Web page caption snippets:
------------------------------------------------------------------------

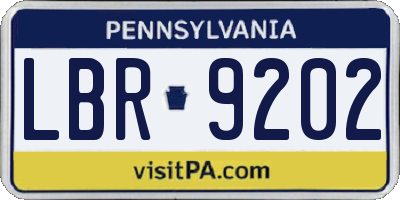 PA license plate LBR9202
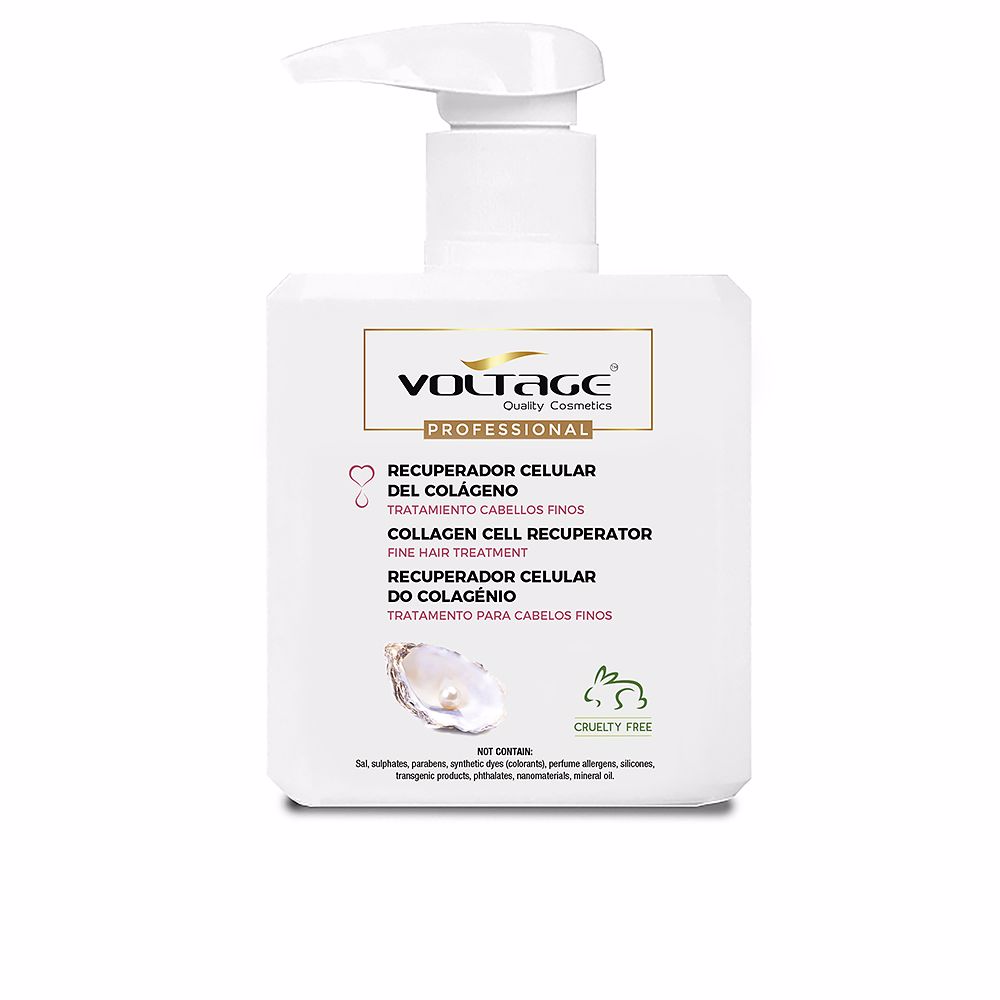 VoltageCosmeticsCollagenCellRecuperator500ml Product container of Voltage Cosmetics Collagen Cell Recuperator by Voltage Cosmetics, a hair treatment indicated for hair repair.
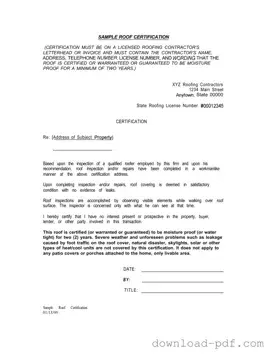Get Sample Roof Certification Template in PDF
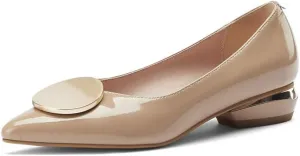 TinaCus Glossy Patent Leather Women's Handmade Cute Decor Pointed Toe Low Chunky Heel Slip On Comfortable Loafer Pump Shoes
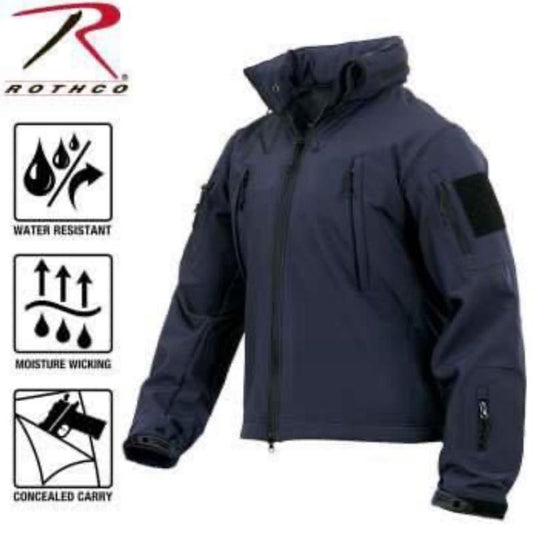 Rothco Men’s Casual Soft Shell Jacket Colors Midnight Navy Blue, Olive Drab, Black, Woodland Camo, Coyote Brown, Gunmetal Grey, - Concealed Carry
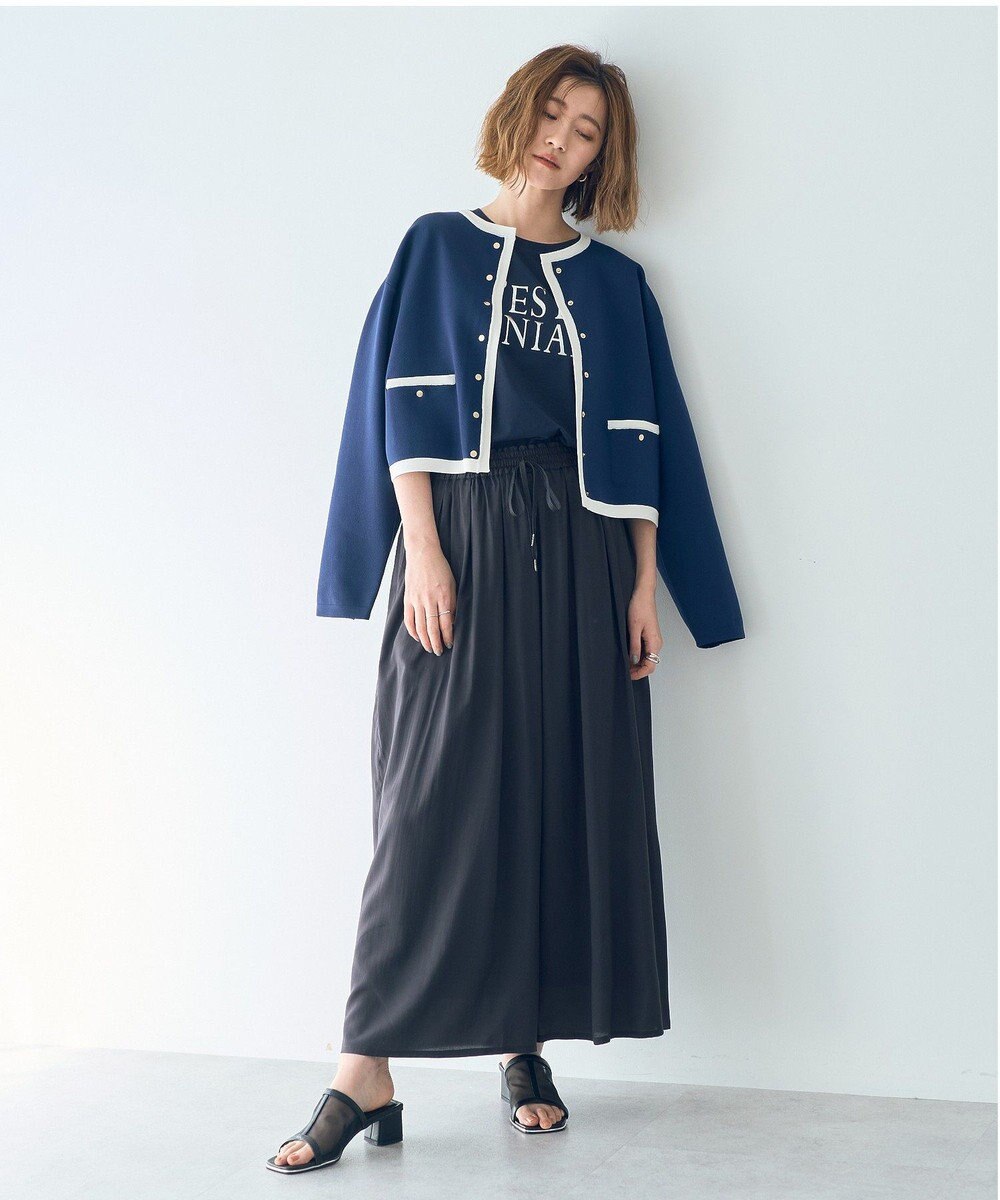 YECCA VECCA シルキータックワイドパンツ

------------------------------------------------------------------------

REQUIRED ACTION: Write down all the entries exactly, but not the pictures they hold.

SOLVED EXERCISE:
 PA license plate LBR9202
 VoltageCosmeticsCollagenCellRecuperator500ml Product container of Voltage Cosmetics Collagen Cell Recuperator by Voltage Cosmetics, a hair treatment indicated for hair repair.
Get Sample Roof Certification Template in PDF
 TinaCus Glossy Patent Leather Women's Handmade Cute Decor Pointed Toe Low Chunky Heel Slip On Comfortable Loafer Pump Shoes
 Rothco Men’s Casual Soft Shell Jacket Colors Midnight Navy Blue, Olive Drab, Black, Woodland Camo, Coyote Brown, Gunmetal Grey, - Concealed Carry
 YECCA VECCA シルキータックワイドパンツ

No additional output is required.